Shopping Spree Leaves Safety Group Decimated

If the Packers intended to improve at safety through free agency, most of the quality options were snapped up in a shocking display of spending as free agency opened on Tuesday. Who's gone, who's left and what's the outlook for the Packers entering Wednesday and beyond?

The NFL is, indeed, a copycat league.

While there were no clones of the Seattle tandem of Earl Thomas and Kam Chancellor on the market, teams threw plenty of money at the crop of safeties when free agency opened on Tuesday afternoon.

The Green Bay Packers were not among those teams.

Of's top 10 available safeties, seven of them found new homes and two re-signed with their former teams.

It was a breathtaking display of spending, and it left the Packers in an unenviable position in the two months before the draft.

— Does general manager Ted Thompson throw a bunch of money at Chris Clemons,'s fourth-ranked safety and the only top-10 safety on the unemployment line?

— Does Thompson rifle through the bargain rack in hopes of finding someone — anyone — to upgrade one of the defense's big weaknesses?

— Will he be forced to draft a safety with a premium pick and force him into the starting lineup?

— Or will it be a battle royale in training camp between the undistinguished duo of Sean Richardson, Chris Banjo and a mid-round draft pick (and, perhaps, M.D. Jennings, who was not tendered a contract by Tuesday's restricted free agent deadline)?

What is certain is the safety group was plundered in staggering fashion during the first seven hours of free agency. Seattle's success with Thomas and Chancellor apparently is the new blueprint.

"The game of football has changed over the last five years," former Packers scout and current Chiefs general manager John Dorsey told Packer Report at the Scouting Combine. "The ability for safeties to cover means something now because they're passing and spreading the ball out a little bit more. Nick Collins was a very good player. I think Eric Berry is a very fine football player. The safety position is ... vitally important in today's football."

Heading into Wednesday, Clemons, Philadelphia's Nate Allen, Kansas City's Kendrick Lewis and Baltimore's James Ihedigbo are the top safeties remaining on the market. Charles Woodson, who was deemed no longer good enough for the Packers, might be the fifth-best safety on the market.

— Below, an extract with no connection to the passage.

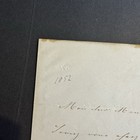 1852 Rare Als Adolphe Gutmann Signed Letter Chopin Pupil Classical Music History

Here is a look at the money thrown around at safeties on Tuesday:

— Jairus Byrd (from Buffalo to New Orleans): Six years, $56 million, $28 million guaranteed.

— T.J. Ward (from Cleveland to Denver): Four years, $23 million, $14 million guaranteed.

— Donte Whitner (from San Francisco to Cleveland): Four years, $28 million, $11 million guaranteed.

— Bernard Pollard (re-signed by Tennessee before start of free agency): Two years, $6.3 million, at $850,000 guaranteed.

— Antoine Bethea (from Indianapolis to San Francisco): Four years, $26 million, unknown guaranteed money.

— Malcolm Jenkins (from New Orleans to Philadelphia): Three years, $15.5 million, $8.5 million guaranteed.

— Louis Delmas (from Detroit to Miami): One year, $3.5 million, unknown guaranteed money.

— Mike Mitchell (from Carolina to Pittsburgh): Five years, $25 million, unknown guaranteed money.

— Stevie Brown (re-signed by the Giants): Undisclosed contract.

Others off the list are Ryan Mundy (from the Giants to Chicago) and Taylor Mays (re-signed by Cincinnati).

For reference, in July, the Packers gave Morgan Burnett a contract extension that runs through the 2017 season. The total value was $26.073 million and included $8.25 million guaranteed. Byrd's guaranteed money is worth more than the entirety of Burnett's contract.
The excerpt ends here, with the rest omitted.